Gaza cyber-struggle takes missile war to second battlefield

Supporters of Israel and those opposing Operation Pillar of Defense tussle on social media

Minister Yuli Edelstein (center) in the Social Media Operations Center (Photo credit: Courtesy)
Minister Yuli Edelstein (center) in the Social Media Operations Center (Photo credit: Courtesy)

Whether or not it succeeds in stopping Hamas rocket attacks on southern Israel, Operation Pillar of Defense will be notable for the fierce use by both sides of social media, with Twitter, Facebook, and the blogosphere being pressed into service to win hearts and minds around the world.

As of Thursday morning, Israel seemed to be ahead: Of the top trending tweets on Twitter, the second-most popular tweet subject in the world was #HamasBumperStickers — a crowdsourced collection of tragicomic lines condemning the Gaza terror group. One example: “It takes 2,587 Nuts & Bolts to put a car together – and only one Hamas nut to have it scattered all over the road.” #HamasBumperStickers was beating out #PrayforGaza, the preferred hashtag for the anti-Israel crowd on Twitter.

Official Israel — the IDF, the Prime Minister’s Office, and other groups — has long used Twitter and Facebook to get their message out, and pro-Israel social media users did the same using their own accounts. A message sent out on Twitter, or a comment posted on an article that gets picked up by a popular news aggregator like Matt Drudge, could be seen by hundreds of thousands of people.

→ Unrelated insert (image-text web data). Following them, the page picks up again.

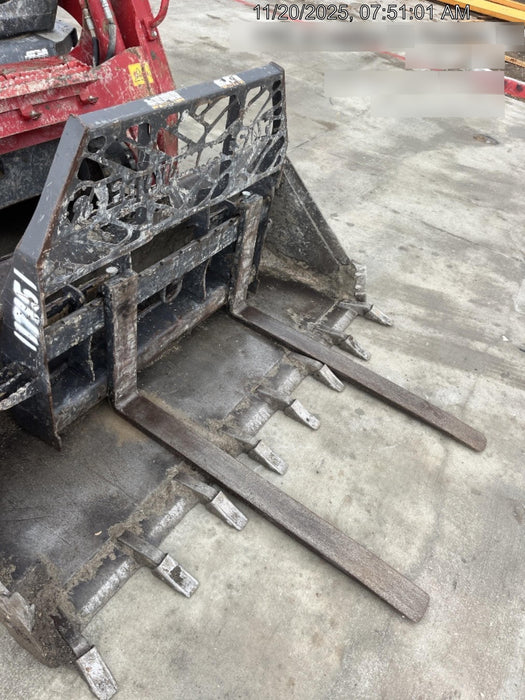 2020 PALADIN 48" Pallet Forks - Paladin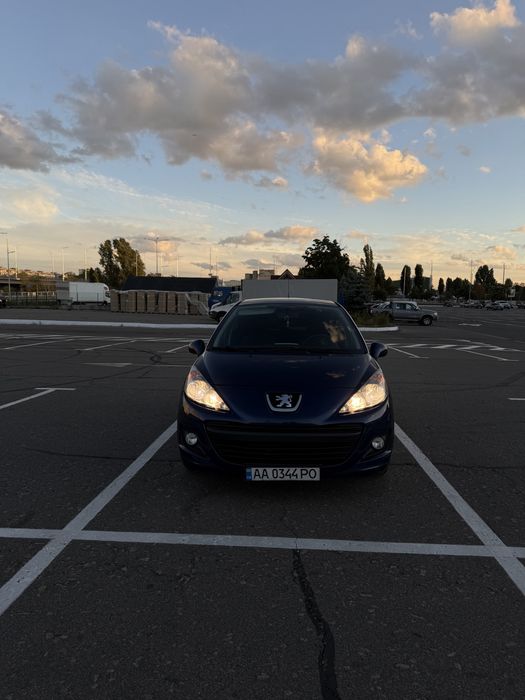 Peujeot 207 2010 рік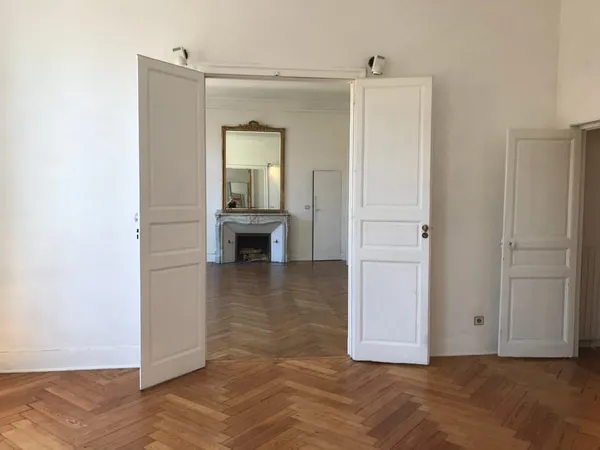 TOULOUSE, SAINT ETIENNE, T4 133 m2 avec cave et parking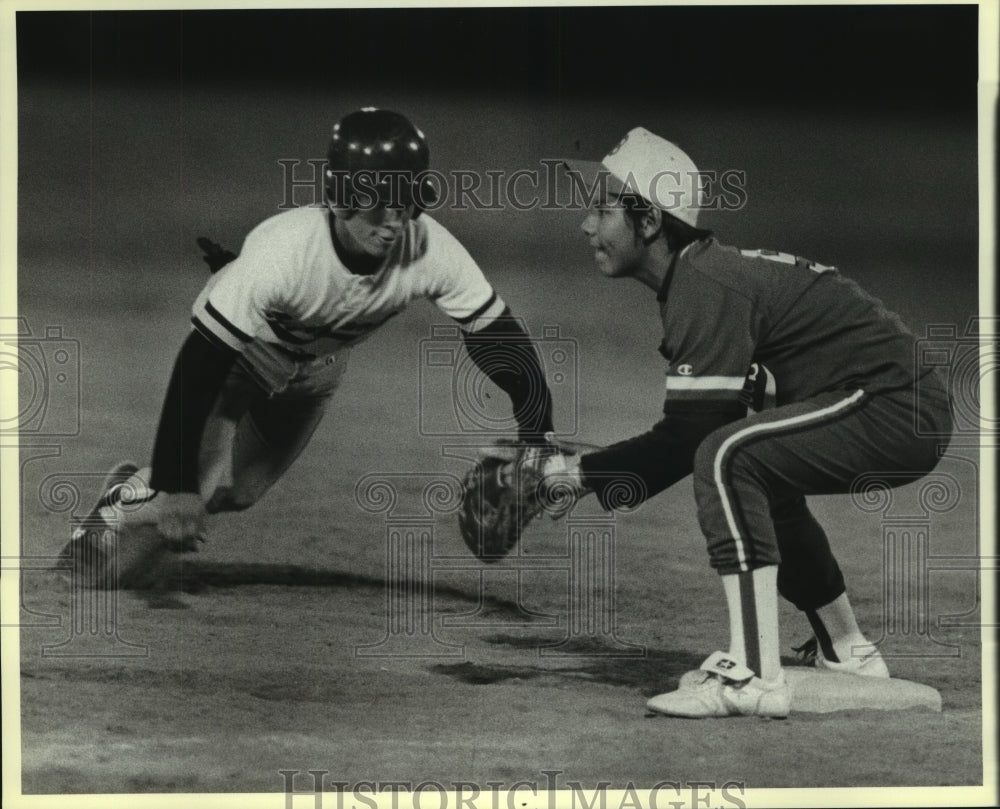 1986 Press Photo Highlands and Burbank High School Baseball Players at Game- Historic Images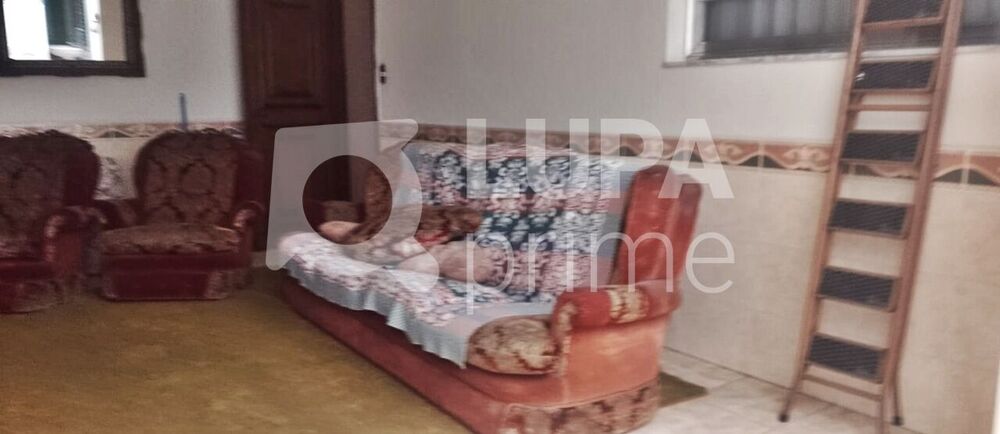 Casa, 3 quartos, 244 m² - Foto 2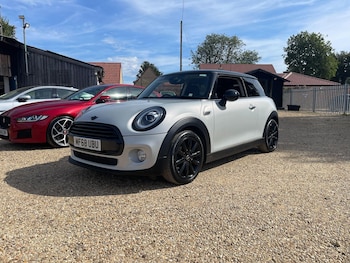 Used MINI Hatch 2018 for sale - 79532399: Photo
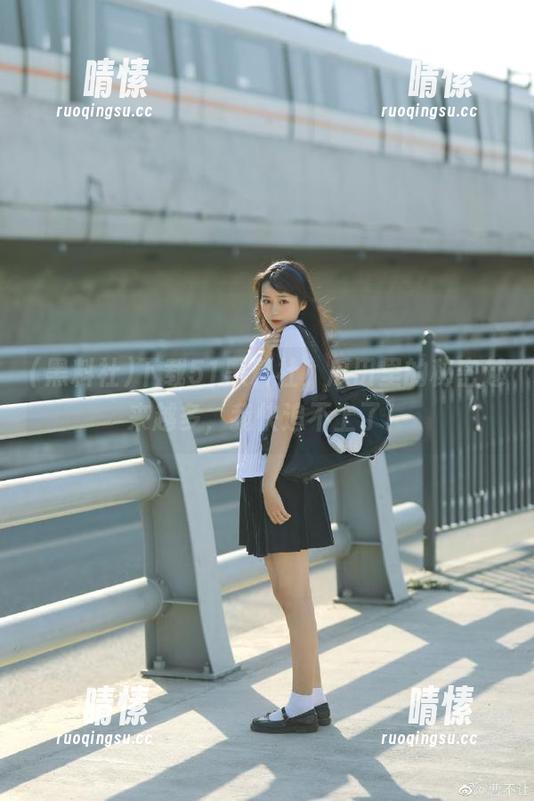 下载51黑料社，瓜田里的秘密越来越多，我快追不上了！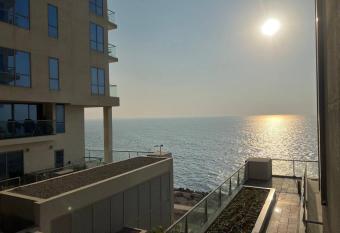 Gorgeous 1 bedroom Sea View Apartment has Balcony rooms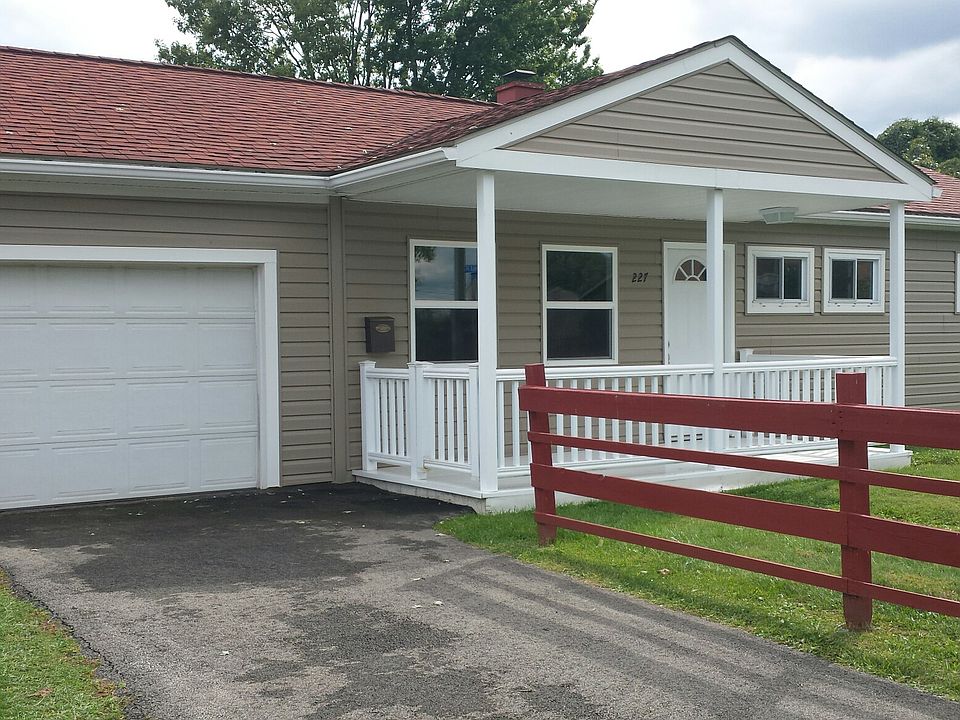 1st image of 227 McDonald Dr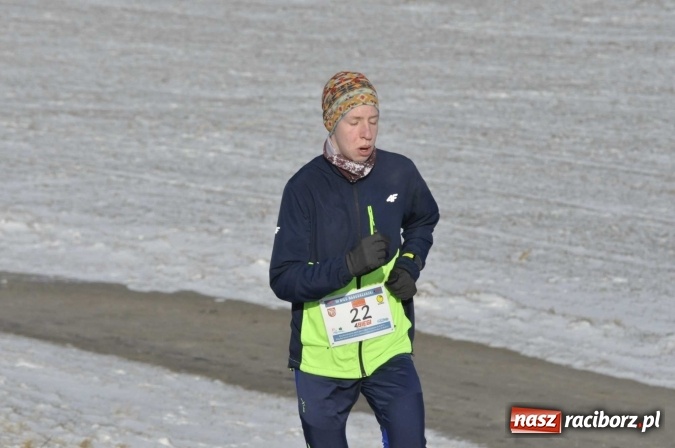 Zdjęcie w galerii na portalu naszraciborz.pl: III Bieg Nadodrzański. Mróz niestraszny biegaczom. Złoto dla Łukasza Skwareckiego  wiadomości z regionu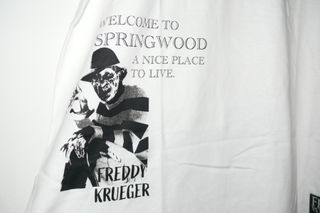 Camiseta Freddy vs Jason M Branca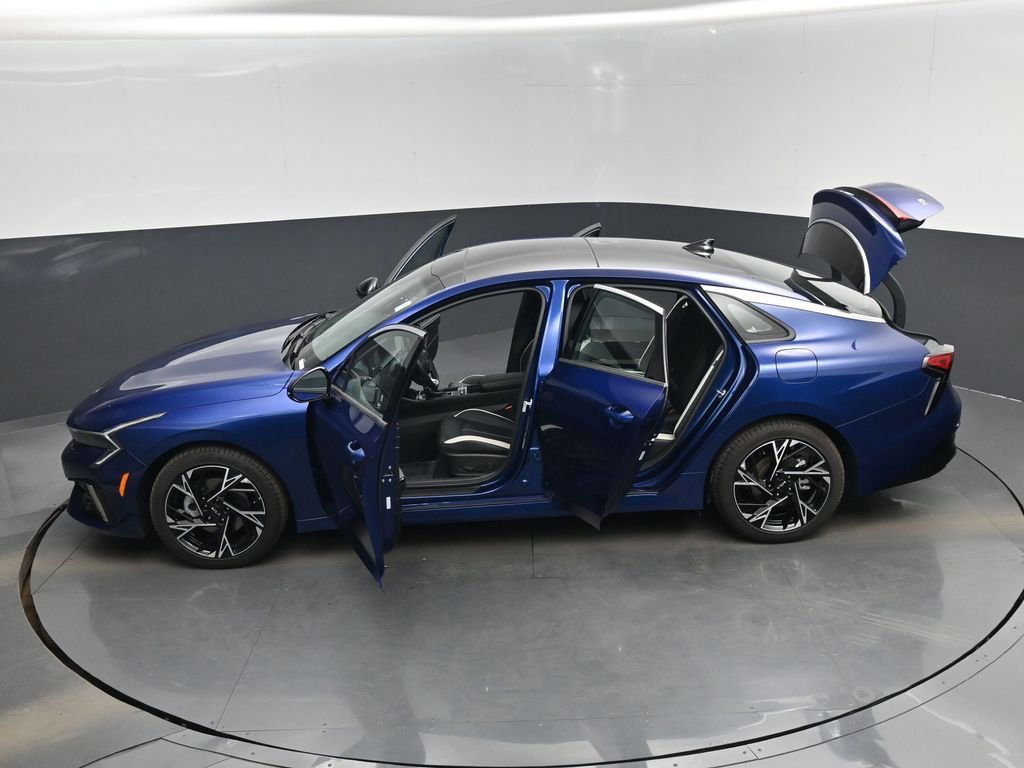 Used 2025 Kia K5 GT-Line w/ GT-Line Premium Package image 17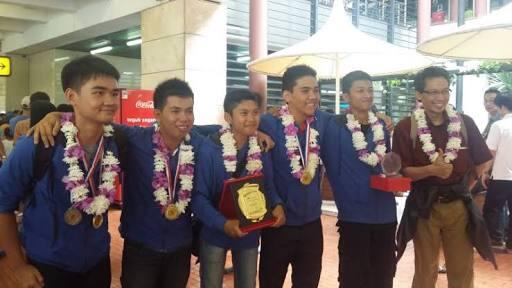 Lima Peneliti Remaja Indonesia Raih Medali Emas di China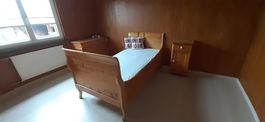 Kinderzimmer oder Gästezimmer (Antik und Massiv)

In order to make sure that Israel’s side is heard loud and clear, Public Diplomacy and Diaspora Affairs Minister Yuli Edelstein has been coordinating a vast online activist effort, recruiting social media users around the world to spread Israel’s message in time of need. The Operations Center has been sending out material — videos, photos, eyewitness reports — to about 25,000 people around the world on the center’s mailing list — and they have been moving those messages to the rest of the world on a plethora of social media platforms and in dozens of languages.

In fact, the IDF more or less used Twitter to declare war. Not long after top Hamas terrorist Ahmed Jabari was killed in an IDF missile attack Wednesday night, the army tweeted the event and uploaded a video showing the missile strike. Later, the IDF posted a message on Twitter saying that it recommended that “all Hamas activists, whatever their rank, to not show their faces in the coming days.”

To which Hamas responded in its own Twitter feed that its “holy hands will reach your leaders and soldiers no matter where they are. You yourselves have opened up the gates of hell.”

Since then, the cyber-battle has been taken up by supporters of both sides. Pro-Israel tweeters and bloggers are concentrating on the suffering of residents of the south, showing videos and photos of destroyed homes and shattered lives. For the other side, the theme has been general condemnation of Israel for attacking “innocent women and children” (as of Thursday morning, 11 Gazans had reportedly been killed).

In the past, Israel’s achievements in social media have been spotty, but this time, said Edelstein, Israel had a winning formula. “We are here in order to expose the unbearable reality of the residents in the south and the necessity for military action against Hamas and the [other] terrorist organizations,” he said. “I am certain that alongside us will stand significant force multipliers in the form of tens of thousands of activists in Jewish communities around the world.”